Each record that follows is to be duplicated exactly, though its pictures are not.
----------
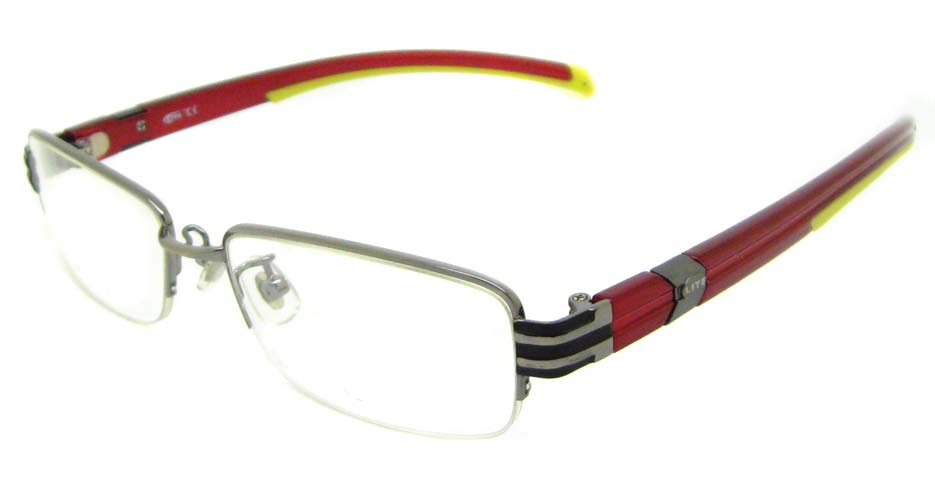 wine with yellow oval sport glasses frame LT-G027J3-C2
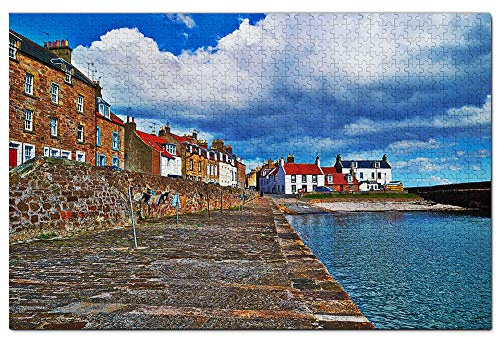 UK England Anstruther Cellardyke Harbour Jigsaw Puzzle for Adults 300 Piece Travel Gift Souvenir 38x26CM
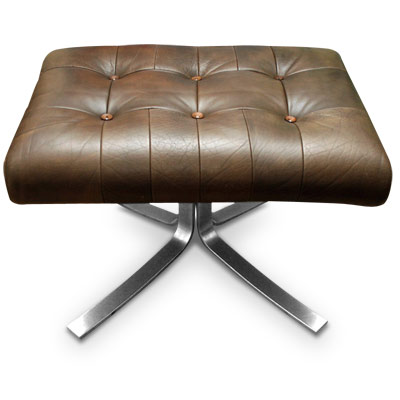 Vintage Leather Ottoman Vintage Leather Ottoman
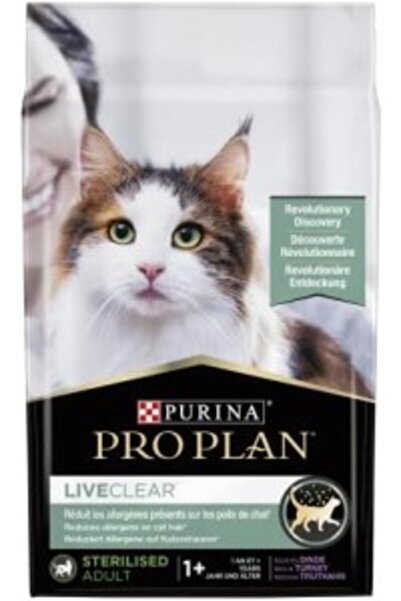 Pro Plan Live Clear Yetişkin Kısırlaştırılmış Kedi Maması Hindi Etli 7 Kg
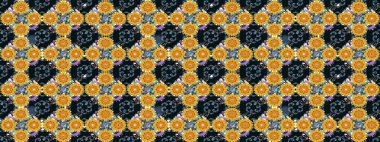 Çiçek deseni duvar kağıdı, desen dolguları ve web sayfası arka planı için kullanılabilir. Şekil verilmiş çiçeklerle eskiz deseni. Süslü zentangle çizim dokusu, soyut çiçeklerle süslenmiş..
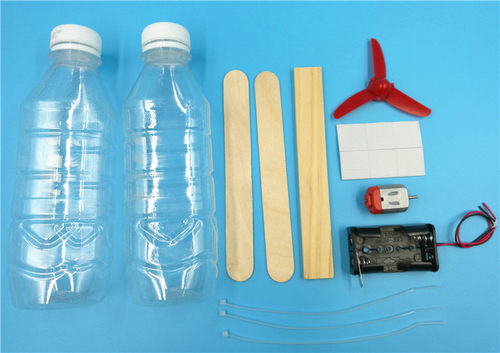 科技小制作小发明diy电动风力小船小学生科学实验益智自制小快艇 - 图2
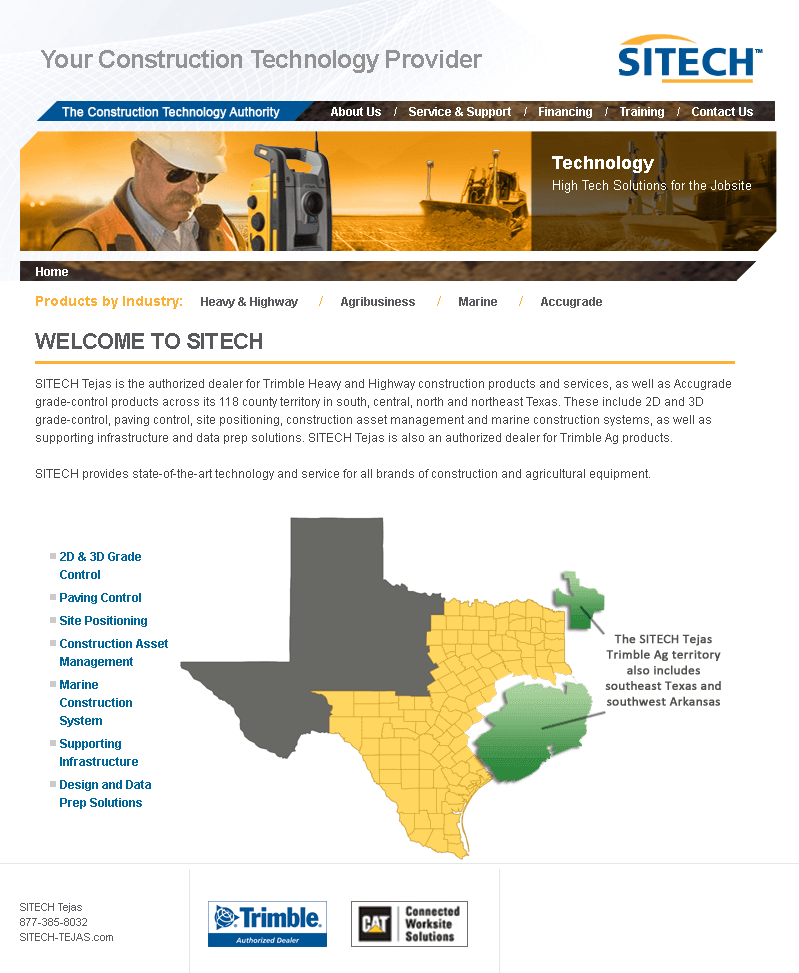 Website for Construction Technology Provider 'SITECH' Using Dot Net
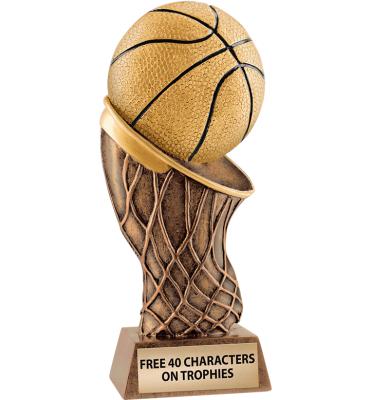 Line Up Basketball Sculpture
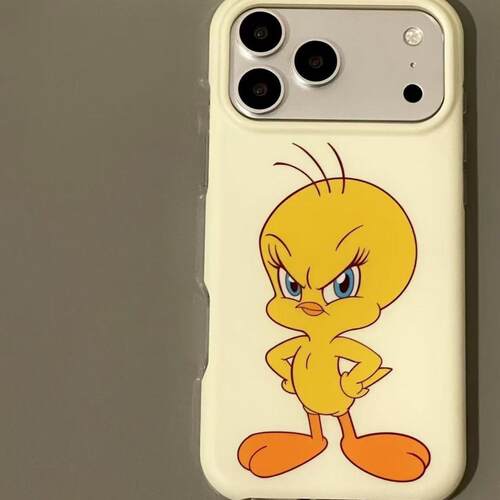 可爱卡通生气叉腰崔迪鸟适用苹果17iPhone手机壳防摔双层16防摔防水16iPhone动漫手机保护套新潮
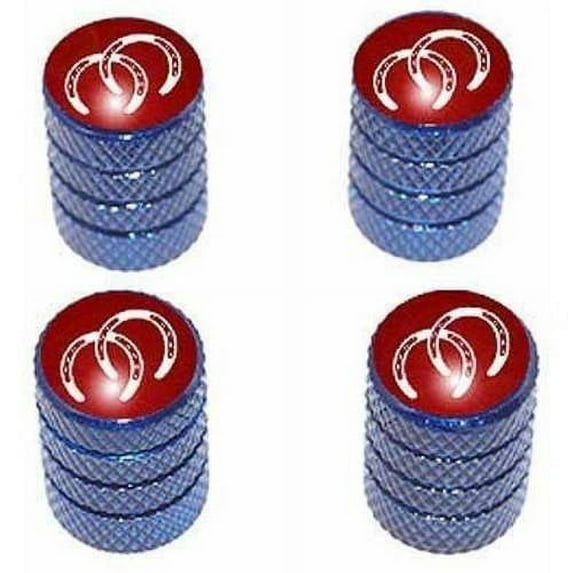 Horseshoes Horse Shoes Tire Rim Wheel Aluminum Valve Stem Caps, Multiple Colors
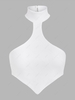 Halter Rib-knit Cutout Crop Top M White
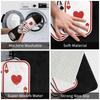97Th 97 Year Old Card Playing Full Deck Non-slip Doormat Floor Mat Mat Carpet Rug for Kitchen Entrance Home Balcony Footpad Mats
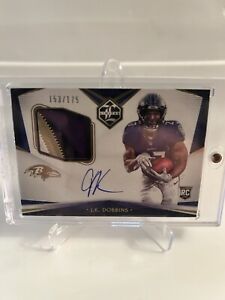 New Listing2020 PANINI LIMITED JK DOBBINS RPA 4 COLOR RAVENS PATCH AUTO RC #112  /175 🔥$$$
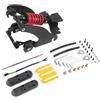 Generic Kit di sospensione posteriore for F2 F2Pro F2Plus Scooter elettrico ammortizzatore posteriore assorbimento degli urti parti di riparazione durevoli(Set A)
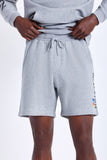 BRIXTON Stem Fleece Crossover Short - Heather Grey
----------
_Task answer_
 wine with yellow oval sport glasses frame LT-G027J3-C2
 UK England Anstruther Cellardyke Harbour Jigsaw Puzzle for Adults 300 Piece Travel Gift Souvenir 38x26CM
 Vintage Leather Ottoman Vintage Leather Ottoman
 Pro Plan Live Clear Yetişkin Kısırlaştırılmış Kedi Maması Hindi Etli 7 Kg
 Çiçek deseni duvar kağıdı, desen dolguları ve web sayfası arka planı için kullanılabilir. Şekil verilmiş çiçeklerle eskiz deseni. Süslü zentangle çizim dokusu, soyut çiçeklerle süslenmiş..
 科技小制作小发明diy电动风力小船小学生科学实验益智自制小快艇 - 图2
 Website for Construction Technology Provider 'SITECH' Using Dot Net
 Line Up Basketball Sculpture
 可爱卡通生气叉腰崔迪鸟适用苹果17iPhone手机壳防摔双层16防摔防水16iPhone动漫手机保护套新潮
 Horseshoes Horse Shoes Tire Rim Wheel Aluminum Valve Stem Caps, Multiple Colors
 Halter Rib-knit Cutout Crop Top M White
97Th 97 Year Old Card Playing Full Deck Non-slip Doormat Floor Mat Mat Carpet Rug for Kitchen Entrance Home Balcony Footpad Mats
 New Listing2020 PANINI LIMITED JK DOBBINS RPA 4 COLOR RAVENS PATCH AUTO RC #112  /175 🔥$$$
 Generic Kit di sospensione posteriore for F2 F2Pro F2Plus Scooter elettrico ammortizzatore posteriore assorbimento degli urti parti di riparazione durevoli(Set A)
 BRIXTON Stem Fleece Crossover Short - Heather Grey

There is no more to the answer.